Adventures Dark & Deep - Swords of Cthulhu
A new book made to look like late AD&D with orange spine era which is where it will sit in my collection. It has races and classes made to fit in with AD&D. Im not too interested in this bit but I liked the tables for some of the skills. This book does do good tables. It has stats of monsters again which is ok for different versions and suitably impressive, There are some fun spells some which use other features of this book like a sanity type system with a d1000 phobias table. I will use some of these spells in cultist spellbook. The system in here is nice and detailed so points for that. Some good art and a few clunkers but it also has a sort of late 70s AD&D vibe even when not great. Some good d100 tables in back including Dungeon Dressing, NPC Quirks, Strange Happenings - all good. It is all well trod territory but also quite complete with bits to pick and choose from 128 pages of stuff.
Sandy Petersen's Cthulhu Mythos
The DND5 version is genius the pathfinder one has more photos of painted minis not awesome art. Maybe they fixed it now but get the DND5 version. Very dense, great detail and very usable for those 20th level BECMI characters. Lots of interesting details, deformities and cults. Once again the races are a bit sillyand dreamlands is a bit to victorian opium fantasy for me. The first four adventure books were a bit soso and repetitive. I might try and look at later adventures. The best thing about these monsters is some come in various power levels which could be varied for the party or when they break too many wards all at once.
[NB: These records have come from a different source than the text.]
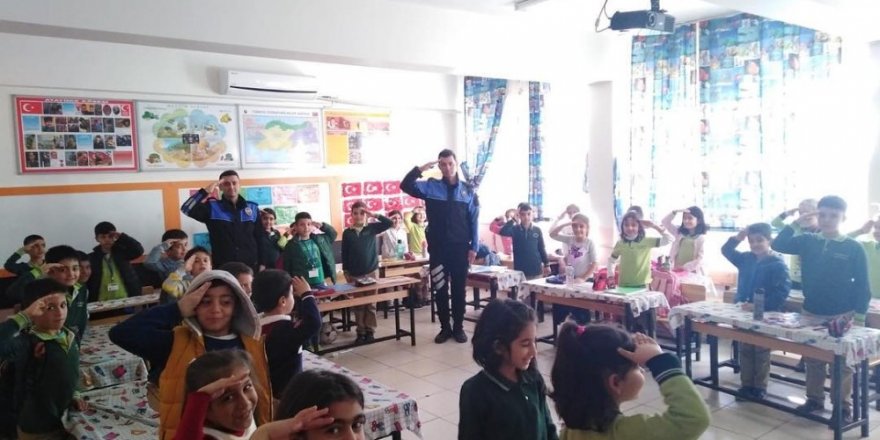 Öğrencilere polislik mesleği anlatıldı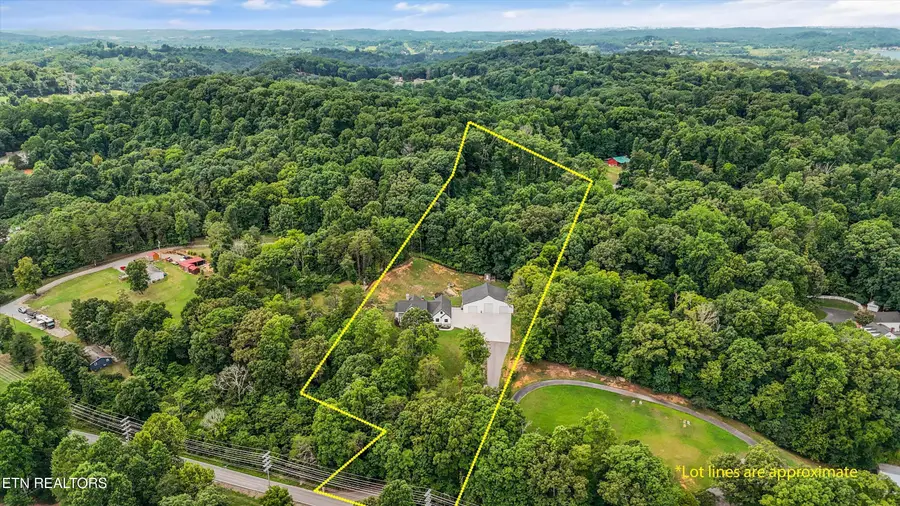 4368 Vinegar Valley Rd, Friendsville, TN 37737 - #3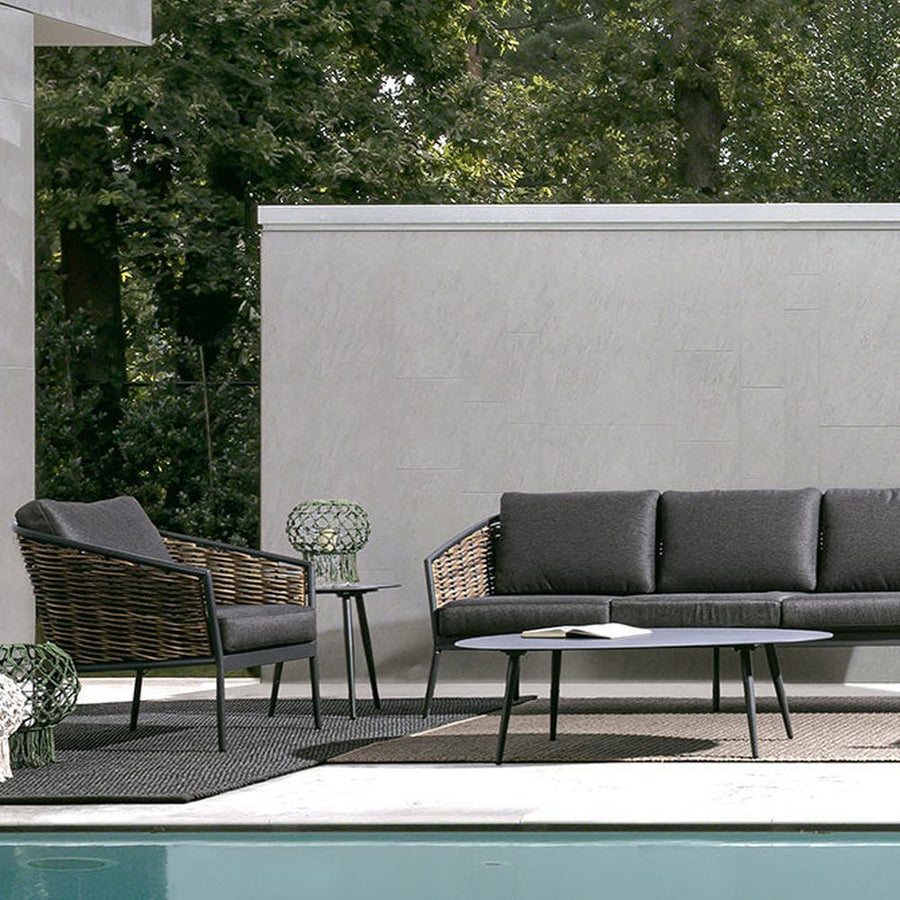 Sötétszürke színű kerti ülőgarnitúra, modern teraszon.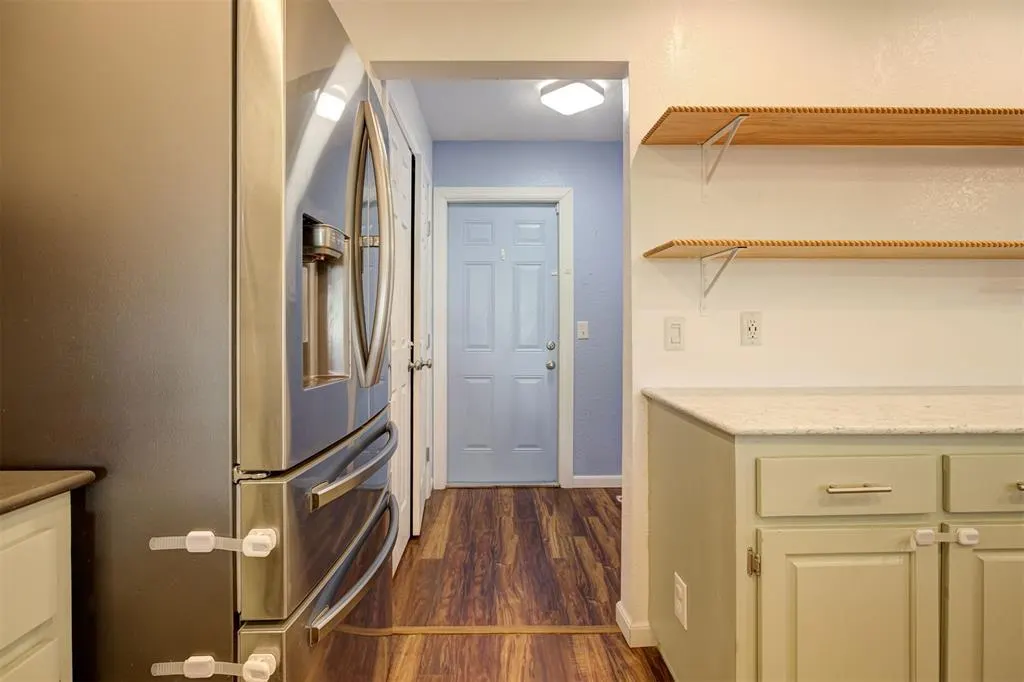 Photo 18 — 7916 Wilshire Ridge Drive, Oklahoma City, OK 73132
Lots of stunning art. Has been bedside reading on off for months even though I wont use it much. Different takes to the Call of Cthulhu RPG too. You might disagree with some of these stats.
Crawling Chaos
By Daniel Proctor for Labyrinth Lord a slim but dense book with some monster stats, some spells, races I might not use for players but I found a bit more potential with. The single greatest thing in this book is a magic item table which Is one of my fave DnDish things ever. You can leave items around that elritch dungeon and all are so dangerous to use they are not unbalancing. Players are scared of items they don't understand and even smash them rather than let anyone have them.
Cthulhu,Tulu, Katulu, Kutulu, any way you slice a tentacle it is a polyp off of old Nug.